2 - I was able to prove the first case, but again passing the differentiation into the integral...
3 - To prove the second case, I can prove for $\beta=1$ and then use induction.
 I want to prove that $\widehat{f'}(\zeta)=i\zeta\hat f(\zeta)$. We have 
$$
\widehat{f'}(\zeta) = \int f'(x)e^{-ix\zeta}dx = f(x)e^{-ix\zeta}\Big|^{+\infty}_{-\infty}-\int f(x) i\zeta e^{-ix\zeta} dx
$$
So if $\underset {x\rightarrow-\infty} \lim f(x)e^{-ix\zeta}=0 $, it is done, but I do not see why it should be the case.
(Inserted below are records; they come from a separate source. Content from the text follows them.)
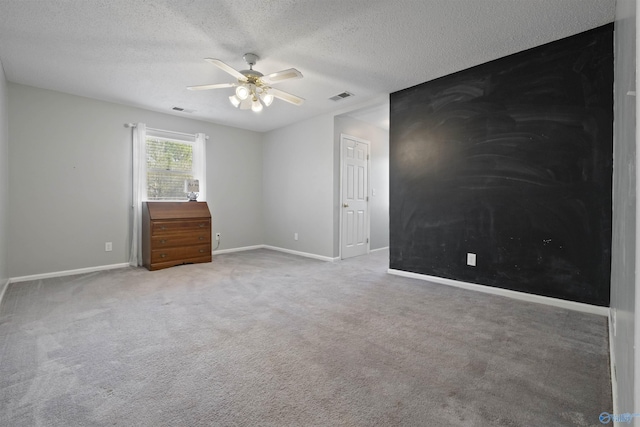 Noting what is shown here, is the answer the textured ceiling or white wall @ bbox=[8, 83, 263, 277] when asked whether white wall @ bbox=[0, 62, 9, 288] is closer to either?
white wall @ bbox=[8, 83, 263, 277]

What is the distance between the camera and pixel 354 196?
532cm

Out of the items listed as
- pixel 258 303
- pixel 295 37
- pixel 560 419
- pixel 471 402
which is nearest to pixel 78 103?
pixel 295 37

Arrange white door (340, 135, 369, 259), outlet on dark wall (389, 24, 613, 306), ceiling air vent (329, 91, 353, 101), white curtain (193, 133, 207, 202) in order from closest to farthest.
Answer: outlet on dark wall (389, 24, 613, 306) → ceiling air vent (329, 91, 353, 101) → white door (340, 135, 369, 259) → white curtain (193, 133, 207, 202)

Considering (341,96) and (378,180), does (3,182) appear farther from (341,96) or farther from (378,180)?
(378,180)

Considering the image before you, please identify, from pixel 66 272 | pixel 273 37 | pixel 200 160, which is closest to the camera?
pixel 273 37

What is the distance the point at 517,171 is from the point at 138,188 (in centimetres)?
514

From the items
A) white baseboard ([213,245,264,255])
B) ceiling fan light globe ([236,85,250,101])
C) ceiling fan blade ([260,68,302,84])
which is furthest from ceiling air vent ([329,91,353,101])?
white baseboard ([213,245,264,255])

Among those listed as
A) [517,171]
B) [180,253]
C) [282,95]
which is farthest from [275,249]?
[517,171]

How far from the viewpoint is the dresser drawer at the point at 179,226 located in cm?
427

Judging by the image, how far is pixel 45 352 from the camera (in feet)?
6.23

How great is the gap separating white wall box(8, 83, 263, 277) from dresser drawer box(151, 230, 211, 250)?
27.1 inches

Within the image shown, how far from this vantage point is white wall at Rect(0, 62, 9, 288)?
307 centimetres

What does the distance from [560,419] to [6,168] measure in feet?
18.3

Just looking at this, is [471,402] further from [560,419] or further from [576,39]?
[576,39] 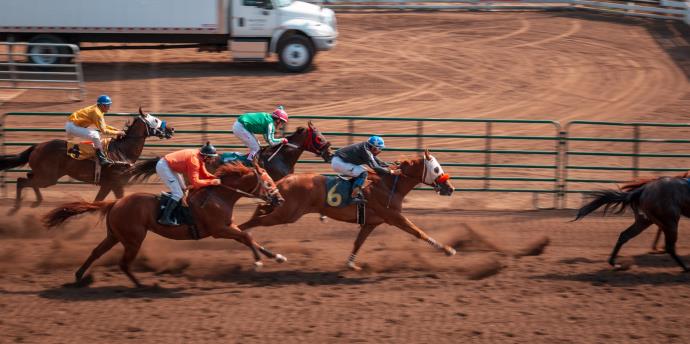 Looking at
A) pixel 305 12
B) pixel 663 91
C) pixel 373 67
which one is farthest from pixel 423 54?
pixel 663 91

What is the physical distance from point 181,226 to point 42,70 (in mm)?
14102

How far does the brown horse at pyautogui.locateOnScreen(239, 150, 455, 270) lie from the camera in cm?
1127

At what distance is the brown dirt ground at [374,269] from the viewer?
895 centimetres

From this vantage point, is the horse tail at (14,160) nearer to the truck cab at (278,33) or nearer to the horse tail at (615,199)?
the horse tail at (615,199)

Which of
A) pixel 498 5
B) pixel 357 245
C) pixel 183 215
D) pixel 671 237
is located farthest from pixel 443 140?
pixel 498 5

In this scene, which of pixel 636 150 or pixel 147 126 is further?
pixel 636 150

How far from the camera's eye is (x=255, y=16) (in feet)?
76.0

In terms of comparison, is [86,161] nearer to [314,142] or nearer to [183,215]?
[314,142]

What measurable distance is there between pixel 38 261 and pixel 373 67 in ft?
46.4

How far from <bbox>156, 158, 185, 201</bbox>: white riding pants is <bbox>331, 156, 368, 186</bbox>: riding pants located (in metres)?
2.19

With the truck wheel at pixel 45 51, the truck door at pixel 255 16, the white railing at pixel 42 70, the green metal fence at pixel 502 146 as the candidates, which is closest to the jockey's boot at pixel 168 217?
the green metal fence at pixel 502 146

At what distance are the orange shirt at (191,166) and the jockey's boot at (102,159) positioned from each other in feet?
11.2

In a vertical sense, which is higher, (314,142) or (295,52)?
(295,52)

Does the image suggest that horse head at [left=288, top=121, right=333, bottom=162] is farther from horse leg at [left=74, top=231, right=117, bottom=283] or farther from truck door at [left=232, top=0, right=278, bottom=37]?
truck door at [left=232, top=0, right=278, bottom=37] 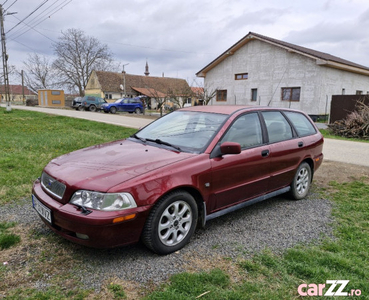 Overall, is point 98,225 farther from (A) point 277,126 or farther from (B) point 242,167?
(A) point 277,126

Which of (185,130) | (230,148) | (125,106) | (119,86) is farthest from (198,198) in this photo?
(119,86)

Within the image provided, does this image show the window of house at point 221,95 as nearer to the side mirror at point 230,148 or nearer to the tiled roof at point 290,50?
the tiled roof at point 290,50

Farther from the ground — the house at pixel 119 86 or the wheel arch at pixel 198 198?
the house at pixel 119 86

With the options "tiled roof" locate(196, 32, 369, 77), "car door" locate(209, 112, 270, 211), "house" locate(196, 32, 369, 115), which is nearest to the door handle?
"car door" locate(209, 112, 270, 211)

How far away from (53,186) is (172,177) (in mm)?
1232

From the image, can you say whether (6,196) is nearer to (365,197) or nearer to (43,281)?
(43,281)

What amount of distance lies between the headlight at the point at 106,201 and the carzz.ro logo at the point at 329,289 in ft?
5.33

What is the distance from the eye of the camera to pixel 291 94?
878 inches

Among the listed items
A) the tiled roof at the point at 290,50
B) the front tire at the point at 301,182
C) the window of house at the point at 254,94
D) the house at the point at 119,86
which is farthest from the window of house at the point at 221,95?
the front tire at the point at 301,182

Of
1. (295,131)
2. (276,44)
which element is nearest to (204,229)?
(295,131)

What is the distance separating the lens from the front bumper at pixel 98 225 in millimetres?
2557

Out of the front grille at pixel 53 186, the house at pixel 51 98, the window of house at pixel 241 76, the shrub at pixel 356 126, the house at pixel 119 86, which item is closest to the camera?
the front grille at pixel 53 186

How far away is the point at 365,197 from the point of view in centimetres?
486

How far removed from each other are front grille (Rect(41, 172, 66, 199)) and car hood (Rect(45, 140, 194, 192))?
49 millimetres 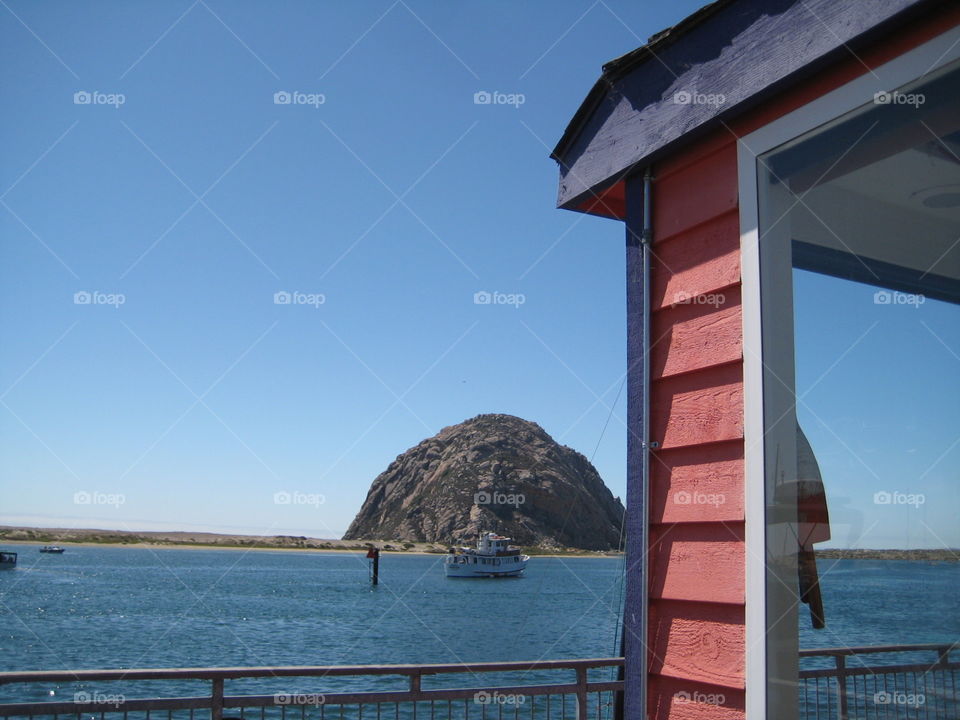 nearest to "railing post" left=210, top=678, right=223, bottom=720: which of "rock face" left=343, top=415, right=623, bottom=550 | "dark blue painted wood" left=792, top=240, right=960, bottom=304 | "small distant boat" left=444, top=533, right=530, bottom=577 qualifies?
"dark blue painted wood" left=792, top=240, right=960, bottom=304

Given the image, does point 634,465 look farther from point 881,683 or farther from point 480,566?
point 480,566

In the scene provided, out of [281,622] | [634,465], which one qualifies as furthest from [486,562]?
[634,465]

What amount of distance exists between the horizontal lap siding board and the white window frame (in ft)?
0.14

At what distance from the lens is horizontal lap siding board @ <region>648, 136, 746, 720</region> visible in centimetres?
278

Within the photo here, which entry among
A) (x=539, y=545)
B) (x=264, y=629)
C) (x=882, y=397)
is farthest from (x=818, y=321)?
(x=539, y=545)

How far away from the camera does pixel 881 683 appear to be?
8.04ft

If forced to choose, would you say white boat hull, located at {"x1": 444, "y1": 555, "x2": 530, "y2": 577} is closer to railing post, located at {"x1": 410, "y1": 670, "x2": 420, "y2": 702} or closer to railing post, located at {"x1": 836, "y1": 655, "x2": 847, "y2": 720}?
railing post, located at {"x1": 410, "y1": 670, "x2": 420, "y2": 702}

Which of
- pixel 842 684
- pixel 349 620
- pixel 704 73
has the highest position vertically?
pixel 704 73

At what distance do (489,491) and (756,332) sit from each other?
14421 cm

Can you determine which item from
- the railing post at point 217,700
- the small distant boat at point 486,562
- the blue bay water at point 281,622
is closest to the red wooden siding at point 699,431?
the railing post at point 217,700

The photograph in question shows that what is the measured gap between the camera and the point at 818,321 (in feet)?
8.68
 A: One thing you want to do is the following:
$$\partial_w \int_{\Bbb R}f(x) e^{-iwx}\,dx\overset?=\int_{\Bbb R}f(x) \partial_we^{-iwx}\,dx=\int_{\Bbb R}f(x) \, (-ix) e^{-iwx}\,dx\tag{1}$$
Why can you do this? It is called differentiation under the integral and follows from the Lebesgue theorem:
Let $w',w$ be two numbers, then there exists some $w''\in[w',w]$ so that $(e^{-i w' x}-e^{-iw x})/(w'-w) = (-ix)\,e^{i w'' x}$, in other words the difference is bounded by $|x|$. Now as you know, for Schwartz functions $f$ the function $x\mapsto |x|\,|f(x)|$ is also integrable. But this function is a bound of
$$f_n(x;w):=f(x)\frac{e^{-iw_n x}-e^{-i wx}}{w_n-w}$$
which for $w_n\to w$ converges pointwise to the integrand of the right hand side of $(1)$. So one finds by the Lebesgue theorem:
$$\partial_w \int_{\Bbb R} f(x) e^{-iwx}\,dx = \lim_{n\to\infty}\int_{\Bbb R}f_n(x;w)=\int_{\Bbb R}\lim_{n\to\infty}f_n(x;w)=\int_{\Bbb R}f(x)\,(ix)e^{-iwx}\,dx $$
Doing an induction will give you your first statement.
The second statement actually follows directly from partial integration and an induction:
$$w\int_{\Bbb R}f(x)e^{-iwx}\,dx = \int_{\Bbb R}f(x)\, w e^{-iwx}\,dx=\int_{\Bbb R}f(x)\, (-i\partial_x e^{-iwx})\,dx=\int_{\Bbb R}(i\partial _xf(x))\,e^{-iwx}\,dx$$
(Schwartz functions vanish at $\pm\infty$ because this is part of their definition.)